Should children drink whole or low-fat milk?
This week’s story comes from a mum who works in the same real food world as I do; we’ve met at conferences. “Mum” also happens to be a dairy and farming journalist. Imagine her horror, therefore, when she was told by the organisation supplying school milk that her six year old boy couldn’t have whole milk.
In England, Scotland and Wales, pre-school children who are under five years old and in day care are eligible for free milk. There's a subsidy scheme for pupils under five years old in primary education classes. Under fives are allowed whole or semi-skimmed milk. They are even allowed whole or semi-skimmed flavoured milk with up to 7% of the product being added sugar. Apparently a six year old having whole milk is not allowed – unless there is a medical reason for the child to have whole milk.
The organisation with which mum has been doing battle is called Cool Milk. Cool Milk is the UK’s leading school milk supplier, working in partnership with local authorities and early years groups.

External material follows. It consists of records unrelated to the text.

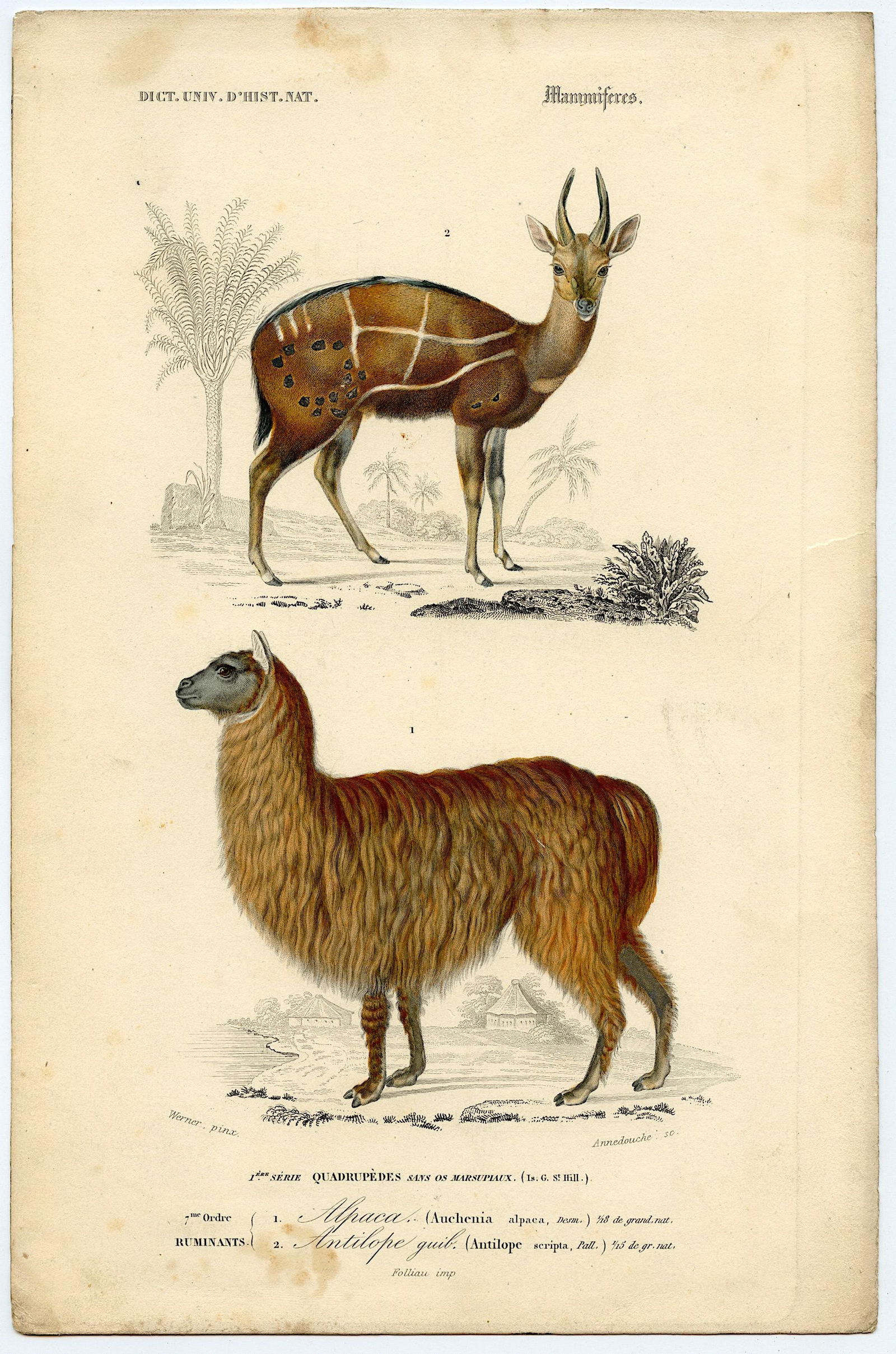 Fine Antique Hand Colored French Print , 1849 (1 of 1)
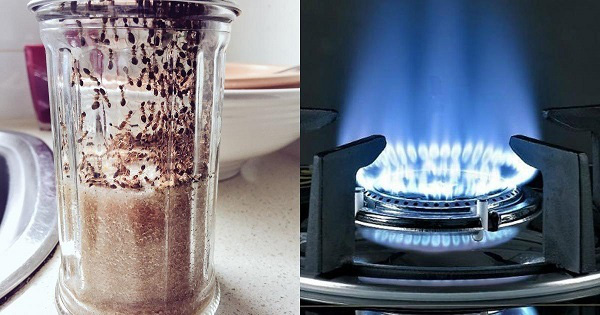 "Điên tiết" vì kiến bâu đầy lọ đường, hãy dùng ngay 4 cách cực hay này để đuổi chúng đi - 4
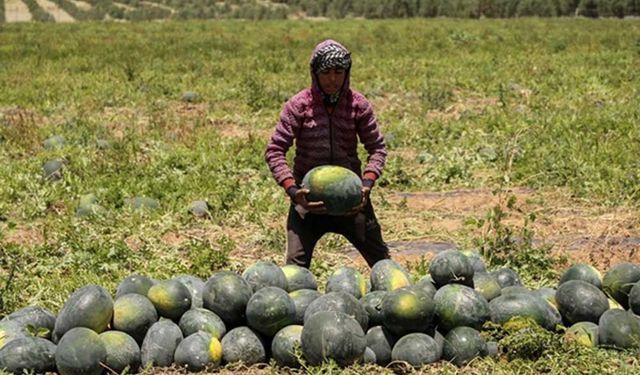 Gazze'de karpuz hasadı zamanı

Cool Milk is an organisation that benefits from the UK government school milk scheme, as it helps to supply free and subsidised school milk to children in pre-schools, nurseries and primary schools.
During a number of exchanges between mum and Cool Milk, the only medical reason volunteered, whereby whole milk would be acceptable, would be if a child were underweight. If (let’s call him Oliver, as he’s clearly asking for something outrageous)... If Oliver were underweight, he could have milk in the form in which the cow provides it (let’s not go near the raw vs. heat treated debate!) If he’s not underweight, he must have milk with the fat soluble vitamins removed.